Prove that the quadrilateral obtained by joining the mid-points of an isosceles trapezium is a rhombus.

P, Q, R and S are the mid-points of the sides AB, BC, CD and DA respectively.

Join AC and BD.

Since, ABCD is an isosceles trapezium

Its diagonals are equal.

AC = BD = x (let)

Now, in ∆ABC

P and Q are the mid-points of AB and BC

So, PQ || AC and PQ = $\dfrac{1}{2}$AC = $\dfrac{1}{2}$x (By midpoint theorem) … (i)

Similarly, in ∆ADC

S and R mid-point of AD and CD

So, SR || AC and SR = $\dfrac{1}{2}$AC = $\dfrac{1}{2}$x (By midpoint theorem) … (ii)

From (i) and (ii), we have

PQ || SR and PQ = SR = $\dfrac{1}{2}x$ …….(iii)

In ∆CBD,

R and Q are the mid-points of CD and BC

So, QR || BD and QR = $\dfrac{1}{2}$BD = $\dfrac{1}{2}$x (By midpoint theorem) … (iv)

Similarly, in ∆ABD

S and P mid-point of AD and AB

So, SP || BD and SP = $\dfrac{1}{2}$BD = $\dfrac{1}{2}$x (By midpoint theorem) … (v)

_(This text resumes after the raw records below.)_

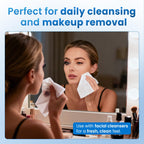 Borje Face Towels XXL, Thick Disposable Face Towel 10" x 12", 300 Count (6 Packs of 50), 100% USDA Biobased Facial Towelettes, Ultra Soft Makeup Remover Dry Wipes for Women Cleansing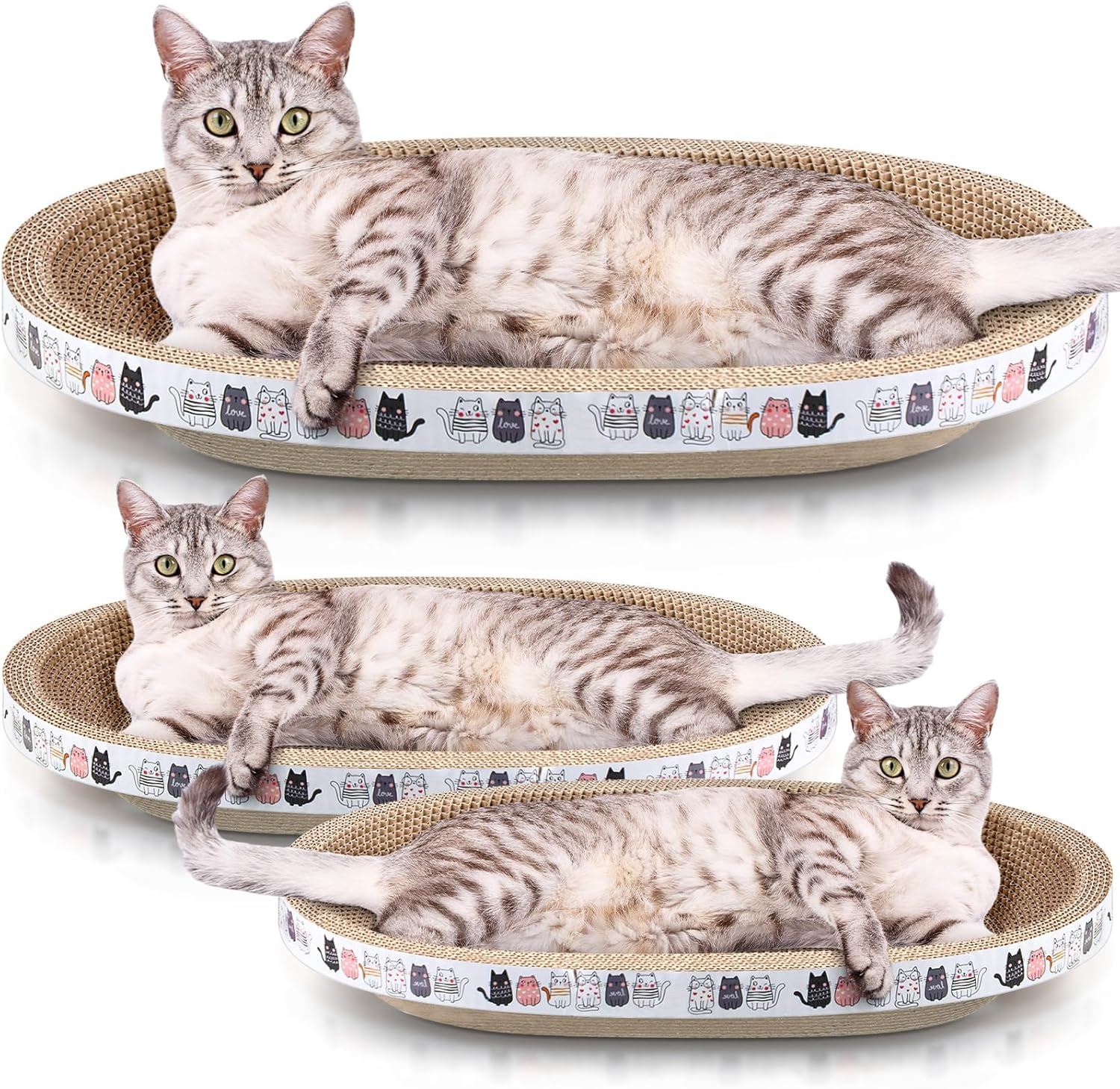 Mixweer 3 Pcs Cat Scratcher Cardboard Oval Cat Scratch Pad Board Bed Bowl 2 in 1 Cat Scratcher Cat Scratching Post Corrugated Lounge Couch Nest for Cats Grinding Claw Furniture Protector Indoor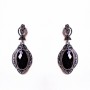 Oval Openwork Earrings Black Crystal (40 × 20mm)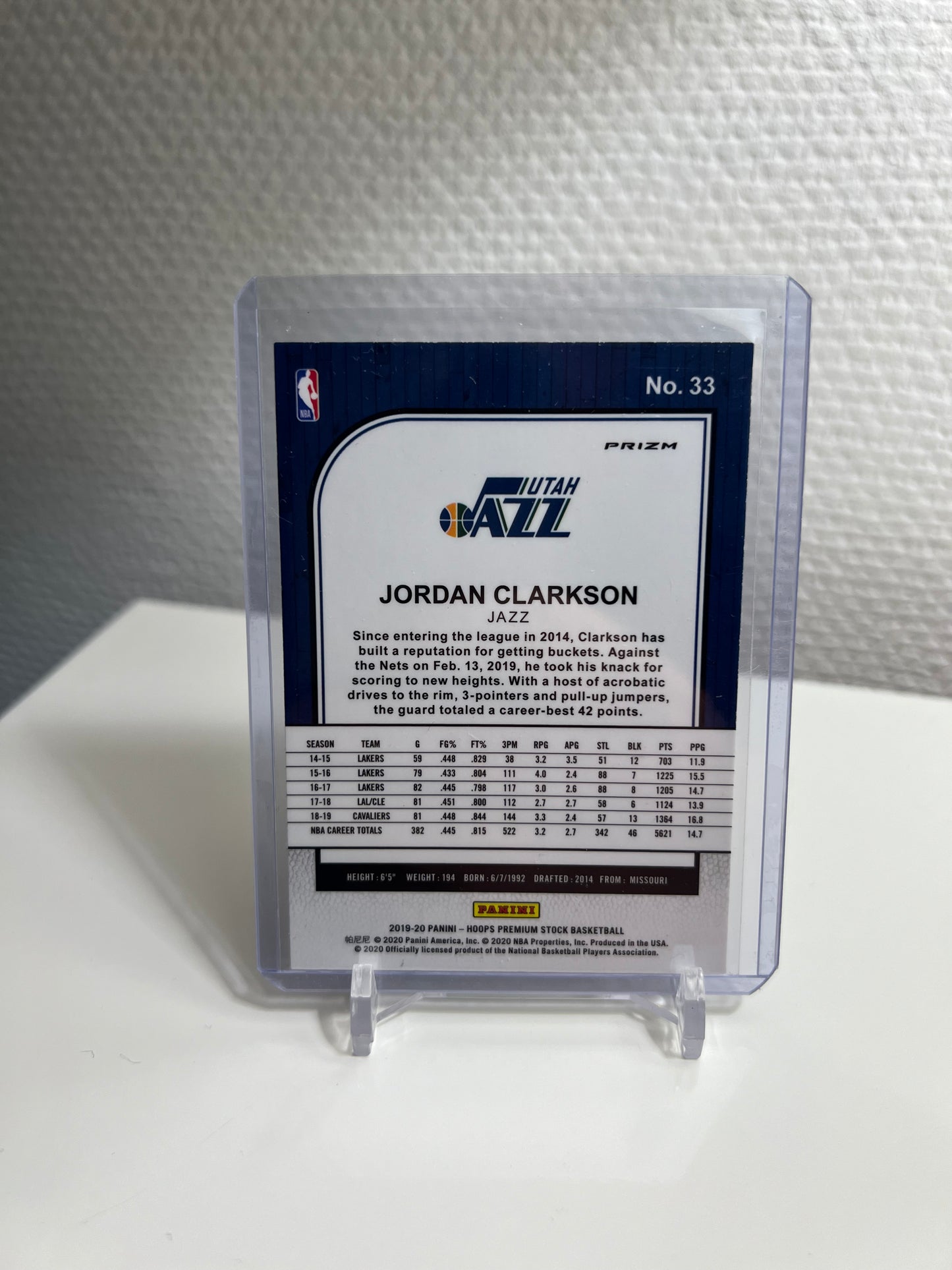 Hoops Premium Stock 19-20 - Jordan Clarkson Green Prizm - Utah Jazz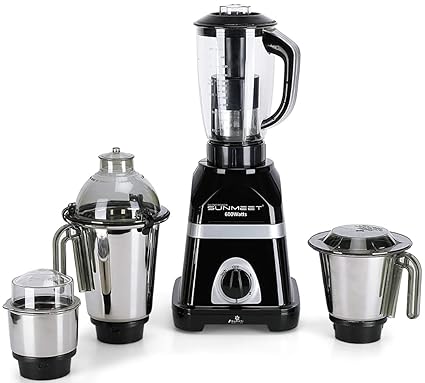 SilentPowerSunmeet Diaa Powerfull 600W Mixer Grinder with 3 Stainless Steel Jars and 1 Juicer Jar (1 Wet Jar, 1 Dry Jar and 1 Chutney Jar), Black.Make in India(ISI Certified)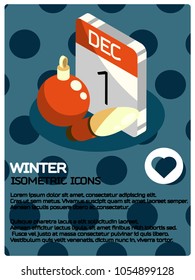 Winter isometric poster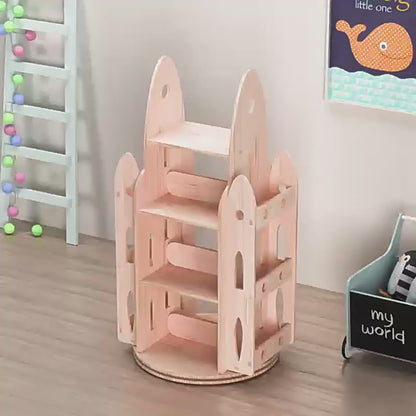Rocket Rotating Bookshelf & Toy Organizer, Solid Pine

From (iv) and (v), we have

QR || SP and QR = SP = $\dfrac{1}{2}x$ …….(vi)

From (iii) and (vi) we get,

PQ = QR = SR = SP and QR || SP, PQ || SR.

So, sides of PQRS are equal and opposite sides are parallel.

Hence, proved that PQRS is a rhombus.